- [Task requirements]:
Write the listing out again word for word, excluding any pictures.

- [Input data]:
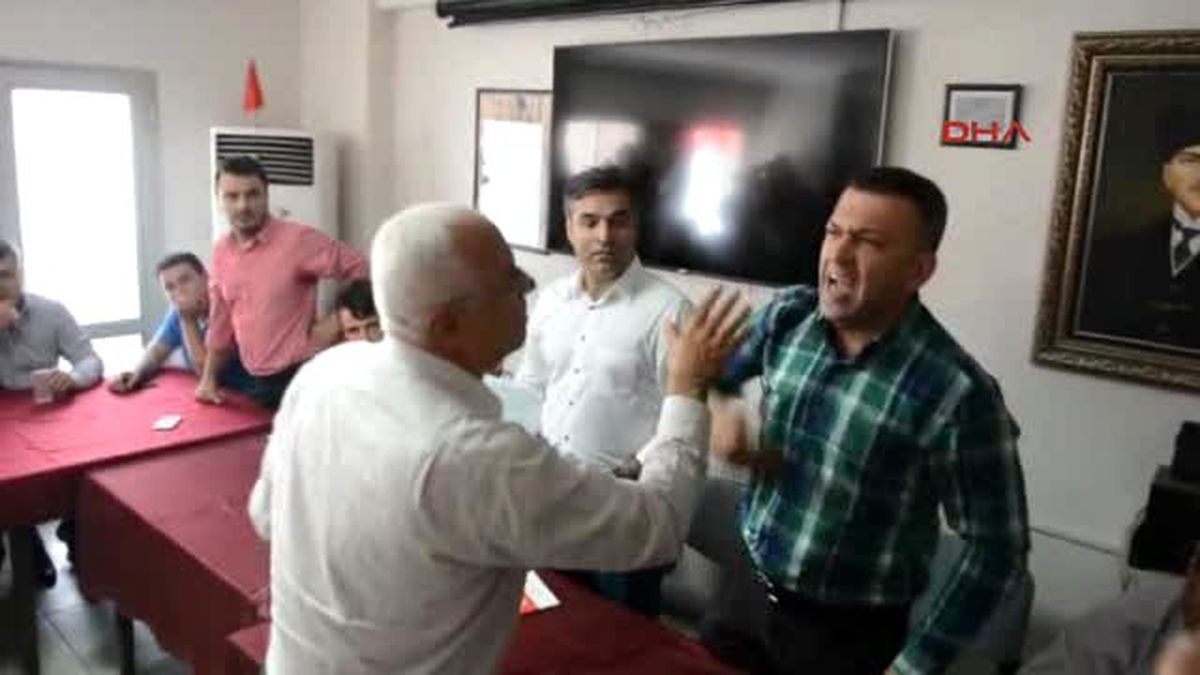 Manisa - CHP Turgutlu\'da Yönetim Kavgası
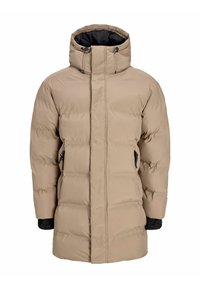 Chaqueta de plumas beige con un cuello alto y cierre de cremallera. Cuenta con bolsillos laterales, mangas largas con puños negros y una textura acolchada.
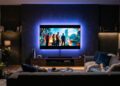 Colocar 1 fita de LED de R$ 30 escondida atrás da sua televisão cria uma iluminação indireta que reduz a fadiga ocular em 50% e deixa a sala com um visual de cinema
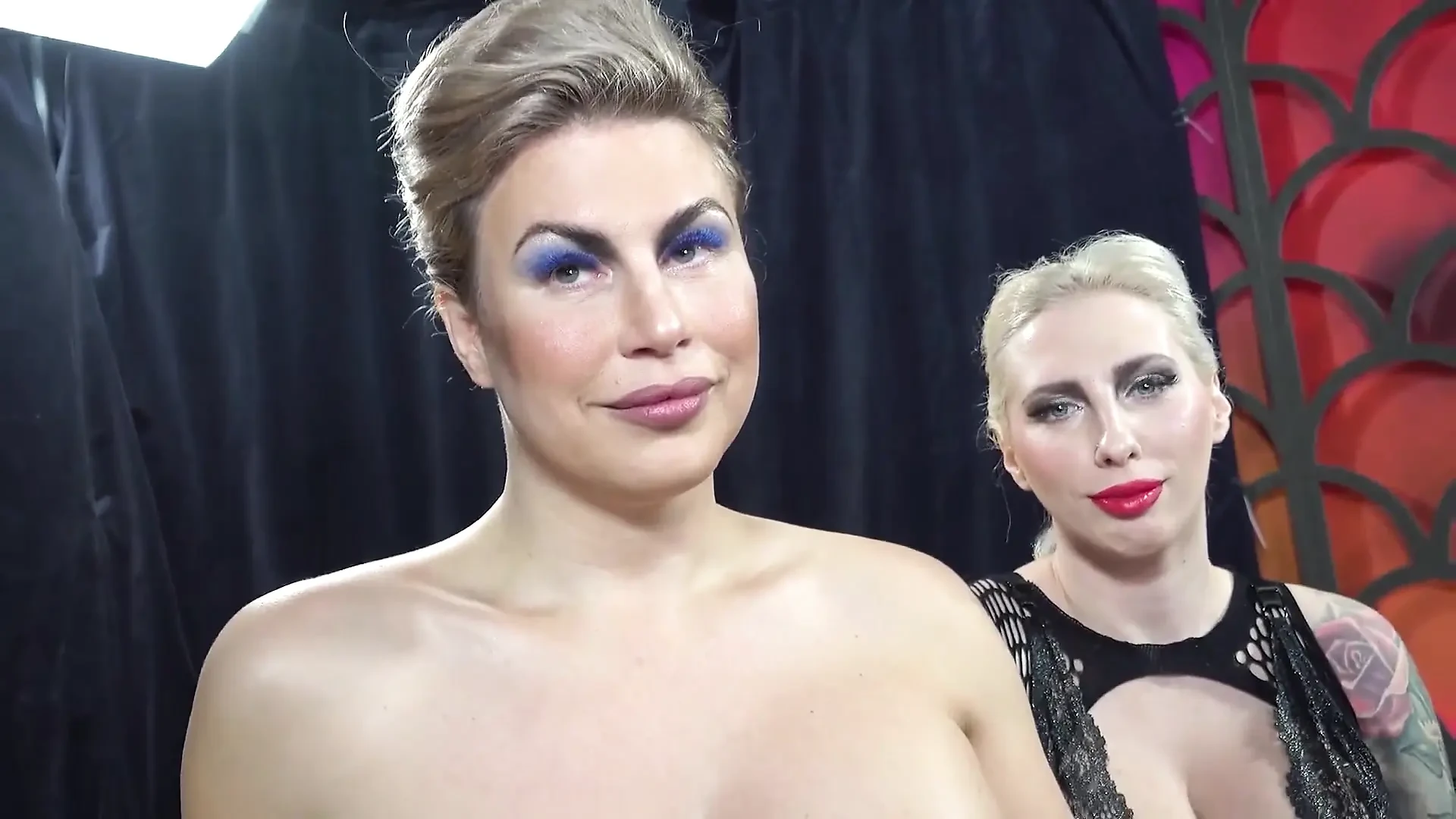 Күтпеген куннилингус бейне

- [Answer to the exercise]:
 Manisa - CHP Turgutlu\'da Yönetim Kavgası
 Chaqueta de plumas beige con un cuello alto y cierre de cremallera. Cuenta con bolsillos laterales, mangas largas con puños negros y una textura acolchada.
 Colocar 1 fita de LED de R$ 30 escondida atrás da sua televisão cria uma iluminação indireta que reduz a fadiga ocular em 50% e deixa a sala com um visual de cinema
 Күтпеген куннилингус бейне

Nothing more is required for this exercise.